Without an advanced foundry, competitive GPU manufacturers, or an industrial ecosystem willing to take long-term risks, the continent risks remaining a client and regulator rather than a protagonist.
Is It Too Late to React?
The diagnosis is tough but not necessarily final. Precisely because AI is forcing a rethink of global infrastructure, a narrow but real window opens for Europe to rebuild some of its technological autonomy.
Some possible lines of action, already debated in Brussels and governments, include:
- Promoting sovereign data centers and supercomputing that prioritize renewable energy, heat reuse, and open access for universities, companies, and governments.
- Supporting open hardware, such as RISC-V architectures or Europe-designed accelerators for specific tasks (edge AI, post-quantum cryptography, scientific simulation).
- Creating public-private consortia involving universities, SMEs, and large industrial players to design and operate foundation models hosted on European infrastructure.
- Reorienting the Chips Act from market share goals to ensuring critical technologies: advanced packaging, low-power AI nodes, components for quantum communications, etc.

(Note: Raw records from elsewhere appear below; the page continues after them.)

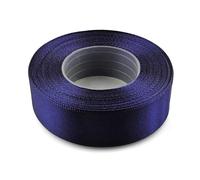 Netuno - 1 ruban de satin, 25 mm x 32 m, couleur : bleu marine, en tissu, décoratif, pour le bricolage, la décoration de mariage, l’emballage de cadeau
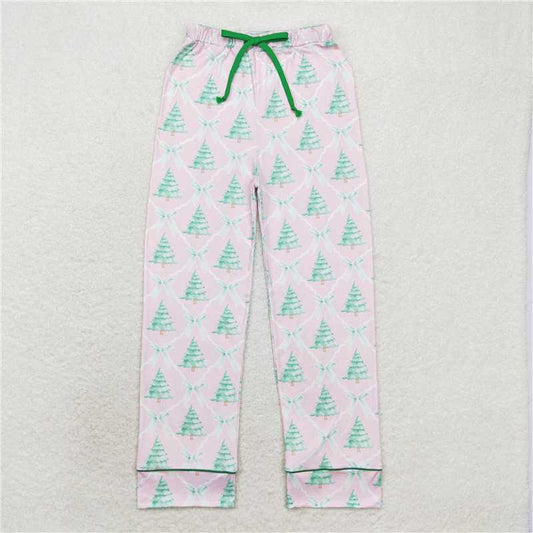 P0491 Adult Women Christmas Pink Bows Trees Bottom Pants Pajamas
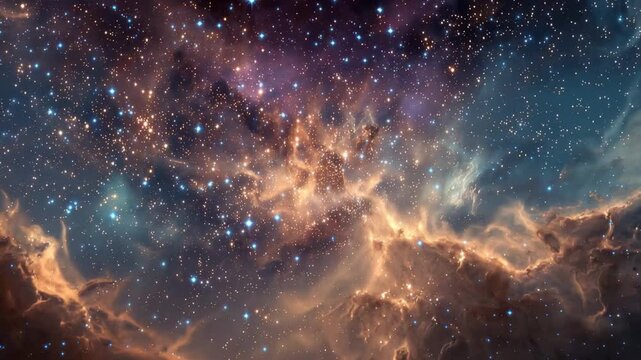 Stars and gas clouds fill the space above Earth as the universe shows its bright colors and many shining points in the dark sky at night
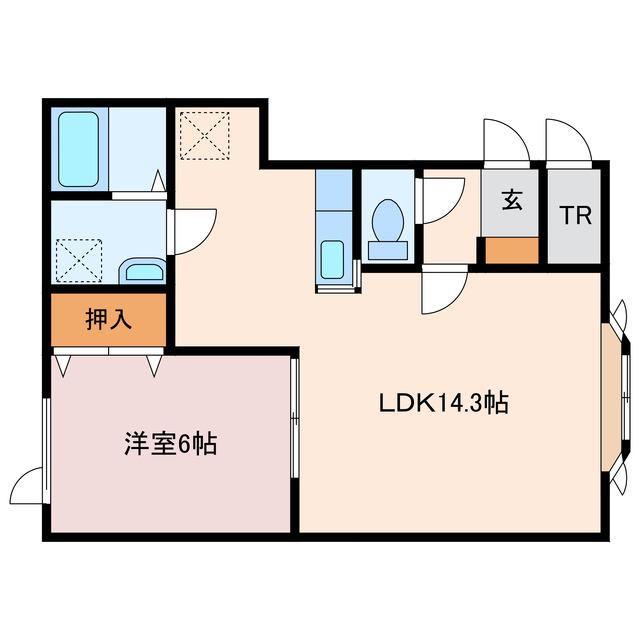 レインボーハウスEBISU II(1LDK/2階)の間取り写真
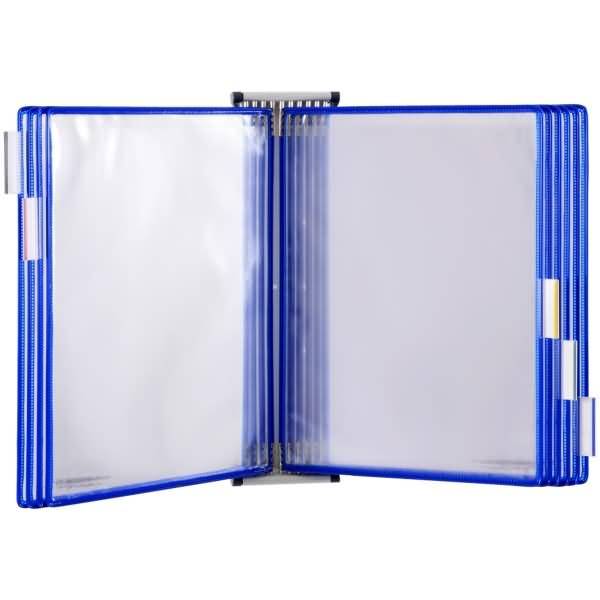 Wandsichttafelsystem Pult A5 grau Metall mit 10 Sichttafeln A5 blau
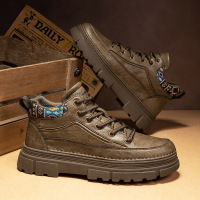 男鞋秋冬新款时尚潮流工装靴男士户外休闲短靴中帮英伦马丁靴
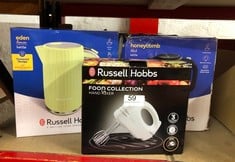 QUANTITY OF KITCHEN & APPLIANCES ITEMS TO INCLUDE RUSSELL HOBBS FOOD COLLECTION ELECTRIC HAND MIXER WITH 6 SPEEDS, EASY RELEASE BUTTON, FINGERTIP SPEED CONTROL, CHROME BEATERS, WRAP AROUND CORD STORA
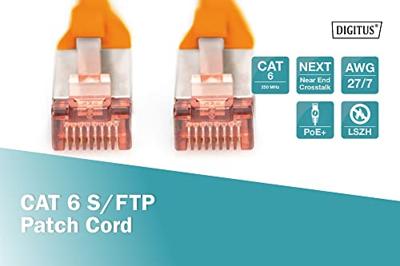 Digitus DK-1644-005/OR RJ45 Netwerkkabel, patchkabel CAT 6 S/FTP 0.50 m Oranje Halogeenvrij, Verdraaide paren 1 stuk(s)
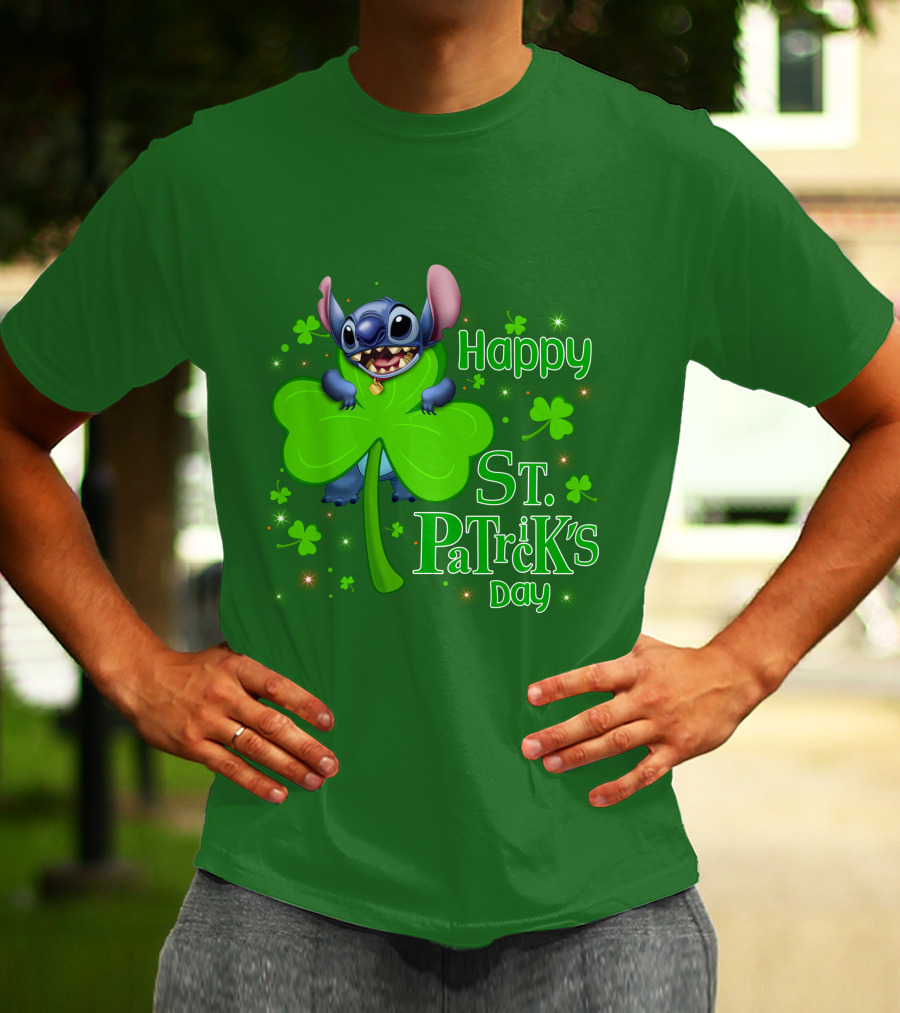 Happy St. Patrick's Day Stitch Shamrock T-Shirt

Spain, with its competitive renewable energy, strategic location, and growing data center ecosystem, could play a significant role in this new phase if it implements a coordinated strategy—from stable energy policies to incentives that attract supercomputing projects, private clouds, and emerging hardware manufacturers.
The True Turning Point
The Financial Times graphic not only shows who currently leads the AI race but also what kind of system is being built: one where computing, energy, funding, and data are so concentrated that a failure in one part can shake the entire ecosystem.
The key question is no longer which language model will be most powerful in two years but who will control the infrastructure making them possible and how power will be distributed when governments, companies, and citizens depend on the same systemic risks.
If Europe remains a consumer of external AI services, it will assume that risk without real influence. However, if it invests in more open architectures, sovereign infrastructure, and an ambitious industrial policy, it can still gain some autonomy in a game that today seems decided… but is not entirely over.
Sources:
Financial Times, Citi Research; public reports on the OpenAI ecosystem and partners.
Documentation on the Stargate project and the computational and energy needs of the new wave of generative AI.
Reports and news on the European semiconductor strategy (EU Chips Act and proposed “Chips Act 2.0”) and its evaluation by the European Court of Auditors.